EXERCISE INPUTS:

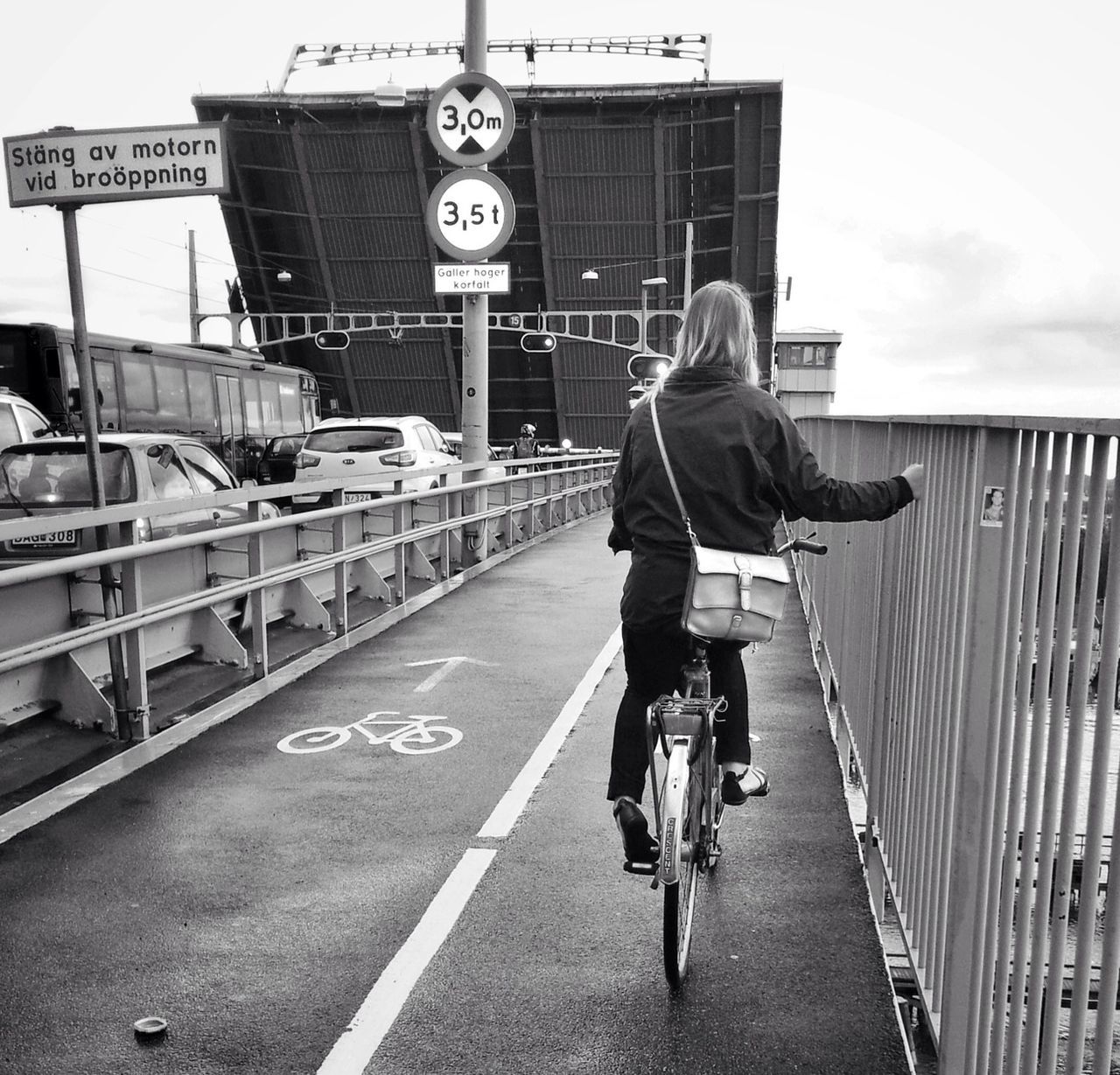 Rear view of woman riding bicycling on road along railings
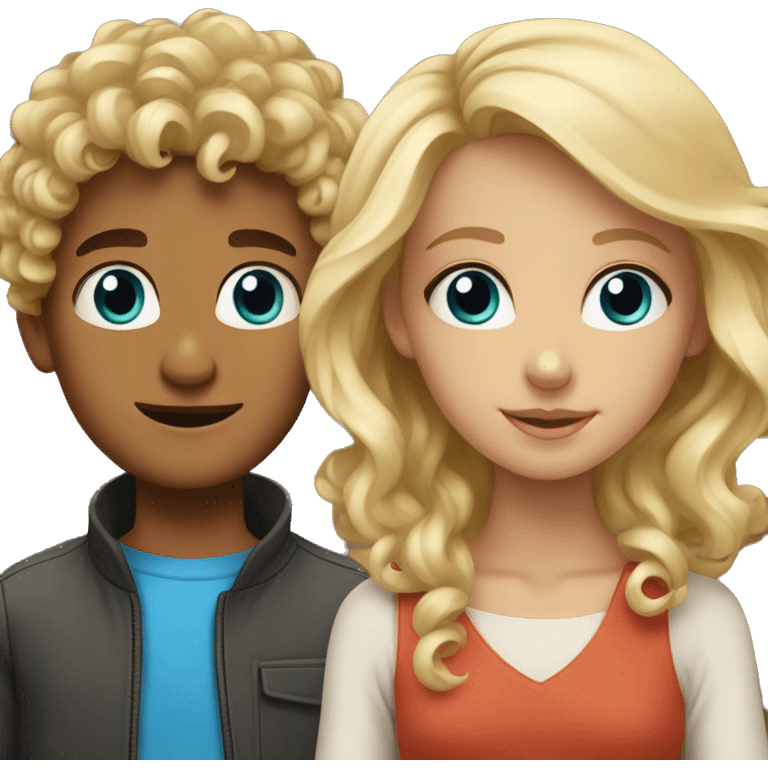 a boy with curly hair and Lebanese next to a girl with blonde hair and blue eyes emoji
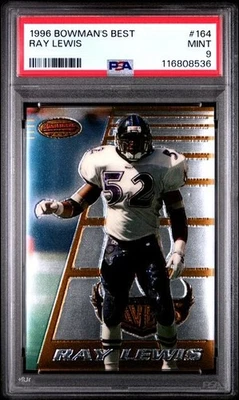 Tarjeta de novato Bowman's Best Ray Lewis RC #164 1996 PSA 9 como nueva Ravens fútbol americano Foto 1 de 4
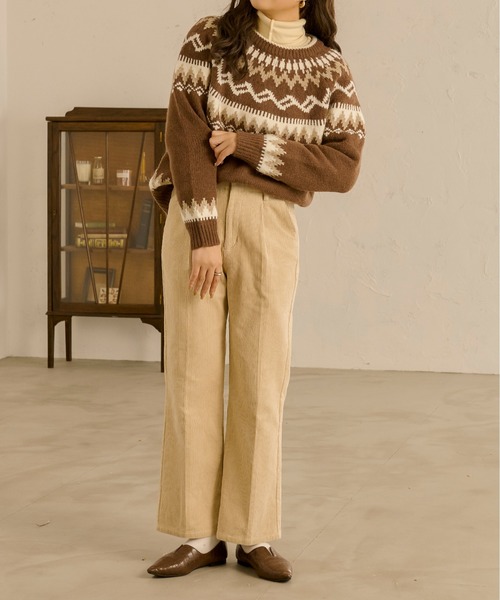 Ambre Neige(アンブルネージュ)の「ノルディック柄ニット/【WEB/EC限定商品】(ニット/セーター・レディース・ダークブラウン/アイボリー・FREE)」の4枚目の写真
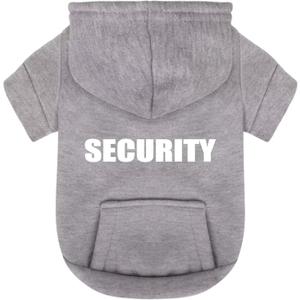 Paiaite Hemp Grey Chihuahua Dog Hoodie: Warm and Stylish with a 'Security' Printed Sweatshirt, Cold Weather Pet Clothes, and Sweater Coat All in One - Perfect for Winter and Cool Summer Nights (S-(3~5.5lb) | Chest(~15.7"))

WHAT IS EXPECTED: Omit each image and transcribe the remaining records word for word.

SOLUTION FOR THIS PROBLEM:
 Rear view of woman riding bicycling on road along railings
 a boy with curly hair and Lebanese next to a girl with blonde hair and blue eyes emoji
 Tarjeta de novato Bowman's Best Ray Lewis RC #164 1996 PSA 9 como nueva Ravens fútbol americano Foto 1 de 4
 Ambre Neige(アンブルネージュ)の「ノルディック柄ニット/【WEB/EC限定商品】(ニット/セーター・レディース・ダークブラウン/アイボリー・FREE)」の4枚目の写真
 Paiaite Hemp Grey Chihuahua Dog Hoodie: Warm and Stylish with a 'Security' Printed Sweatshirt, Cold Weather Pet Clothes, and Sweater Coat All in One - Perfect for Winter and Cool Summer Nights (S-(3~5.5lb) | Chest(~15.7"))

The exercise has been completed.